# WHAT THE TASK REQUIRES
The answer must be a single number: the count of lines in the data below that hold the word "lighting".

Short descriptive text snippets:
◇ ◇ ◇ ◇

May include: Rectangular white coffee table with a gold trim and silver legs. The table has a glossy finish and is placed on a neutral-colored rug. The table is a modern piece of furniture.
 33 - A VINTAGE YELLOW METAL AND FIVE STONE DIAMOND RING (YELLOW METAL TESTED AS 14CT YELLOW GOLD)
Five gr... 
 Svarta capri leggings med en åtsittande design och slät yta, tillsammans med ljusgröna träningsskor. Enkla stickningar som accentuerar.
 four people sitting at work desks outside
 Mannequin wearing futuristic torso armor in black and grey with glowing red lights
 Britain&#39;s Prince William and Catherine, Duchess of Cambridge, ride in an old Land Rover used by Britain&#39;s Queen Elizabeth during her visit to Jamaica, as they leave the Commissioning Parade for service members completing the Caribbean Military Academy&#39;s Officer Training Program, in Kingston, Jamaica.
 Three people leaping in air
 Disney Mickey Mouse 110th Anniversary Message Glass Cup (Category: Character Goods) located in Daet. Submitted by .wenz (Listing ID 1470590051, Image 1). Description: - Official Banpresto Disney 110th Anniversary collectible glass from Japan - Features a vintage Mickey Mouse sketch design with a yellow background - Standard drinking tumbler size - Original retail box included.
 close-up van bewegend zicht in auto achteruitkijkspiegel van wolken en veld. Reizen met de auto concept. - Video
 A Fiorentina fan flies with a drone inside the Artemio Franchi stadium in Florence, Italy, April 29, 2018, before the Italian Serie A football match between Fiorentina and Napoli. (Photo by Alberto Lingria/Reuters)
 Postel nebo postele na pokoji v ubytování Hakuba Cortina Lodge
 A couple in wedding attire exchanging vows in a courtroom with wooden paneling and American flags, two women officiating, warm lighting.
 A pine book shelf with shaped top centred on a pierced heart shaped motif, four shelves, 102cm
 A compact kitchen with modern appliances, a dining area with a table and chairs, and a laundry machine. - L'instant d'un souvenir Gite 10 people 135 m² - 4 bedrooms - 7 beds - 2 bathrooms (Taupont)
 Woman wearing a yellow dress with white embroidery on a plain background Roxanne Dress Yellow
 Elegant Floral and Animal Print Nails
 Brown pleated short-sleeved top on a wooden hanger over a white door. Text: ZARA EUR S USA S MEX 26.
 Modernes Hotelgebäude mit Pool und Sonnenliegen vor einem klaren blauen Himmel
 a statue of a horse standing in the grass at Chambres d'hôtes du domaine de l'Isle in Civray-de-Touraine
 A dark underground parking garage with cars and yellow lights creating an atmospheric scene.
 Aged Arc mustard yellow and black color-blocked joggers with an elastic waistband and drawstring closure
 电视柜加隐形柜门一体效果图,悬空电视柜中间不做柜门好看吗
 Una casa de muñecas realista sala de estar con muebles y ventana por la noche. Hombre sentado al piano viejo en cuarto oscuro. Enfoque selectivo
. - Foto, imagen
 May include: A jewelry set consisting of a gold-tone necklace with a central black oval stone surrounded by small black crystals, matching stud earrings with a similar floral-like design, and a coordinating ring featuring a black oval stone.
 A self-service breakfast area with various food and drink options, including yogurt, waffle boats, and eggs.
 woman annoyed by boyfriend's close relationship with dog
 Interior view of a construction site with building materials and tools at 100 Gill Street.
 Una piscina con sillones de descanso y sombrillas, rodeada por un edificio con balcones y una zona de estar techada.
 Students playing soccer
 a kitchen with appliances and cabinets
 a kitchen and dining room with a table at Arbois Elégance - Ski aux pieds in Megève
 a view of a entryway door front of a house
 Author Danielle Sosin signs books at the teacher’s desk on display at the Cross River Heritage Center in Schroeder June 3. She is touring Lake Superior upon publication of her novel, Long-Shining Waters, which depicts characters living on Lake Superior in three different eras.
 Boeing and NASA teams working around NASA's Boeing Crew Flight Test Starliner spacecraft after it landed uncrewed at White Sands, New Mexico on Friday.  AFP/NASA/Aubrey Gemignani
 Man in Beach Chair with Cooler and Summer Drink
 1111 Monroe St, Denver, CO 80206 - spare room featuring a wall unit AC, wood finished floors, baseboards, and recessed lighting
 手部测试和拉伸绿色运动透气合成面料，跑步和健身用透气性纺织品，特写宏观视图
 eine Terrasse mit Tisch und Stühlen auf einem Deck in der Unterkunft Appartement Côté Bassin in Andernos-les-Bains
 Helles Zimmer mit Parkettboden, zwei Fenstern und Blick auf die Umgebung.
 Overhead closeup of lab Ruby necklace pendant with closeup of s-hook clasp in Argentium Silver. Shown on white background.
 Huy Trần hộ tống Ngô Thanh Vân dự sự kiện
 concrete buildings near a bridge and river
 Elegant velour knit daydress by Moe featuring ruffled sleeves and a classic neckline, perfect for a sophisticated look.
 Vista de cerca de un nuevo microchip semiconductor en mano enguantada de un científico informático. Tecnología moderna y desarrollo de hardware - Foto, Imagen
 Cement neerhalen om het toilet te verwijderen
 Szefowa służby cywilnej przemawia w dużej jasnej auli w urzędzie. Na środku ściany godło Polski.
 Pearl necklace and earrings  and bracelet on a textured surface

◇ ◇ ◇ ◇

# EXERCISE RESPONSE
2